Чан вышел из рубки на палубу, где несколько из его солдат в полной экипировке уже ждали момента высадки. Чхве Хён Ир курил сигарету. Он что-то сказал Чану, но его голос утонул в шуме работавшего двигателя. Чхве жестом предложил отойти, и оба перешли на другой борт.
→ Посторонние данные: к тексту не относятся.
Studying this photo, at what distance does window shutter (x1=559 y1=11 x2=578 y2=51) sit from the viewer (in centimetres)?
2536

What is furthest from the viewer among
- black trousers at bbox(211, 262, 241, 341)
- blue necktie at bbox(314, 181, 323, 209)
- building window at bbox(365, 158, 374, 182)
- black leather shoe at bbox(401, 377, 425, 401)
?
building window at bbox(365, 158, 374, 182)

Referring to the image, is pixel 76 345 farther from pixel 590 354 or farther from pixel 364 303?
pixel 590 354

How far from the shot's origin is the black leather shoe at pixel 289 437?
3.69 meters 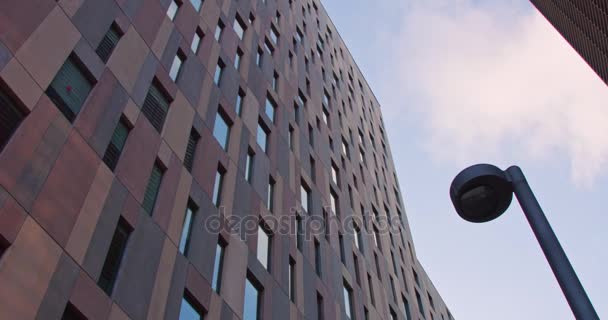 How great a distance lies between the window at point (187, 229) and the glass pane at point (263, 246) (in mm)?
3962

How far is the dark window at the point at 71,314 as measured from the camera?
39.8 feet

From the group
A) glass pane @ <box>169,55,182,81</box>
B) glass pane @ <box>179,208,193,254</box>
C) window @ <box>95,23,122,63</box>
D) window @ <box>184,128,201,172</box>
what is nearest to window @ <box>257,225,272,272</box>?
glass pane @ <box>179,208,193,254</box>

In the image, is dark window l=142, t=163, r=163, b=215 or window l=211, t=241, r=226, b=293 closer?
dark window l=142, t=163, r=163, b=215

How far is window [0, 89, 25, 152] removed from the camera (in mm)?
12492

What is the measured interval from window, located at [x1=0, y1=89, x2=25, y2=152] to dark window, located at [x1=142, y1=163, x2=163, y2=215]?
169 inches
Хан огляделся, и у него перехватило дыхание. В предрассветном сумраке впереди тянулся наклонный берег, усыпанный огнями в легкой дымке. Это зрелище напомнило Хану Млечный Путь, которым он любовался в детстве в деревне. Позже, уже по делам службы, охотясь за политическими преступниками, он часто бывал в китайских приграничных городах, где также поражался их освещением. Но этот вид превосходил все. Хан никогда еще не видел такого множества огней. На сколько хватало глаз, тянулись здания, почти полностью залитые ярчайшим светом. На крышах самых высоких из них трепетали оранжевые пульсирующие вспышки. Сердце Чана бешено колотилось, в горле пересохло. Ему казалось, что его медленно затягивает в объятия светящегося исполина.
— Вот она, Фукуока.
Подошла Ким и с открытой неприязнью воззрилась на сияющий берег. Следом за ней появилась Ли. Ее волосы развевались на утреннем ветерке, и Чан вдруг ощутил легкий аромат духов. В Республике такого парфюма не делали. Запах был очень нежен и не много успокаивал взвинченные нервы. Лицо Ли оставалось совершенно бесстрастным, тогда как Ким смотрела на чужой берег с тлеющей ненавистью в глазах. Ее дед, едва перешагнув порог своей юности, присоединился к партизанскому отряду в Маньчжурии. Во время рейда на Почхонбо он попал в плен, был подвергнут пыткам и убит японцами. Его сын, отец Ким, научил ее смотреть на японцев, как на расу недочеловеков. И вот теперь перед ней плыл их город, отражаясь в глазах. Чану подумалось, что он тоже должен испытывать то, что переживает сейчас Ким. В конце концов, они пришли сюда, чтобы убивать людей, по милости которых дорогое Отечество было разделено на две части и которые все еще могут отважиться на вторжение.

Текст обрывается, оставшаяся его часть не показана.